Dans les faits, l’organisation des services se rénove mais plus lentement que les deux lois dédiées (LOI n° 2002-73 du 17 janvier 2002 et LOI n° 2011-867 du 20 juillet 2011) le réclament. Les équipes sont aujourd’hui pluridisciplinaires, avec une équipe de direction, des médecins et infirmiers du travail et des intervenants en prévention des risques professionnels (IPRP) qui peuvent être des ergonomes, des psychologues ou des psychosociologues du travail et des techniciens et ingénieurs Hygiène, sécurité et environnement (HSE). Le constat est que cette rénovation organisationnelle rime encore peu avec ce que Billiard et la psychologie du travail, appellent les « principes novateurs » de la centralité du travail (Billiard, 2011). Les équipes sont profondément remodelées mais leur travail demeure soumis à un système de décision médico-légal et gestionnaire : d’une part à l’autorité du médecin du travail (qui conserve cette prérogative) et d’autre part à une direction, et à une logique concurrentielle arbitrée par les employeurs/clients. La réforme juridique et administrative de la santé au travail n’est pas synonyme d’une refondation des modèles théoriques et pratiques des médecins. Dans les faits, les médecins du travail s’inscrivent toujours dans le cadre de ce

que Philippe Davezies appelait en 1996 (avant la transcription en droit français de la directive-cadre 89/391/CEE) une « médecine du travail experte » basée sur :

 La déontologie médicale

 Un savoir sur les relations entre facteurs de risque et effets sur la santé (et une obscurité sur les critères de validation des sciences expérimentales)

 La transmission aux salariés de l’information sur les risques du travail.  Le diagnostic de maladies professionnelles et l’organisation de la réparation  L’avis d’aptitude

 La mise en œuvre de la prévention primaire, au cœur de la vie des entreprises (Davezies, 1996)

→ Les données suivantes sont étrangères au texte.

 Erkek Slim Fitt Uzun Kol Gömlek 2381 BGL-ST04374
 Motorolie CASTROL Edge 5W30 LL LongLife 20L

Aujourd’hui dans les services de santé au travail (SST) la persistance de la domination des références, plus ou moins explicites, à l’épidémiologie, au droit et à la gestion (Fernandez, 2009 ; Clot et Davezies ; Althaus, 2014) rencontre celle décrite à l’intérieur des entreprises privées et publiques. La force de cette problématisation traditionnelle est d’être dominante sur tous les fronts. Elle l’est dans la formation initiale des médecins, dans la littérature juridique et managériale et dans une dynamique sociétale de médicalisation des questions sociales (voire paragraphe x, p.x). La philosophe de la médecine Céline Lefève analyse l’inertie médicale sur le sujet en ces termes : « Aux confins du savoir et du pouvoir, le codage médical de la souffrance et, en particulier, de la souffrance psychique en termes pathologiques participe déjà au déni des conditions sociales qui peuvent être à l’origine de cette souffrance » (Lefève, 2006, p.33). Au cœur des SST pluridisciplinaires, comme partout (voir notre partie « comprendre le travail »), les notions de travail et de santé sont polysémiques. Elles portent un sens différent selon les interlocuteurs, leurs cadres théoriques (psychologie du travail, ergonomie, HSE, médecine, etc.) et leurs activités. Mais cette complexité est masquée par une autorité médico-légale et une rhétorique qui entretiennent l’illusion d’une signification partagée par tous (Billiard, 2011 ; Fernandez, 2009). Cette illusion suscite de nombreux questionnements dans la littérature scientifique clinique (Dejours, 2009, 2012, 2015 ; Clot & Davezies, 2011; Lhuilier, 2009 ; Clot et Lhuilier, 2015). Dejours observe que « L’épidémiologie organise et donne à voir des risques organisés, limités, cohérents. (Alors que) la réalité est paradoxale, ambivalente » (Dejours, 2006). Le centre de gravité de l’analyse et des actions demeure du côté des opérateurs aux dépends du travail et de son organisation.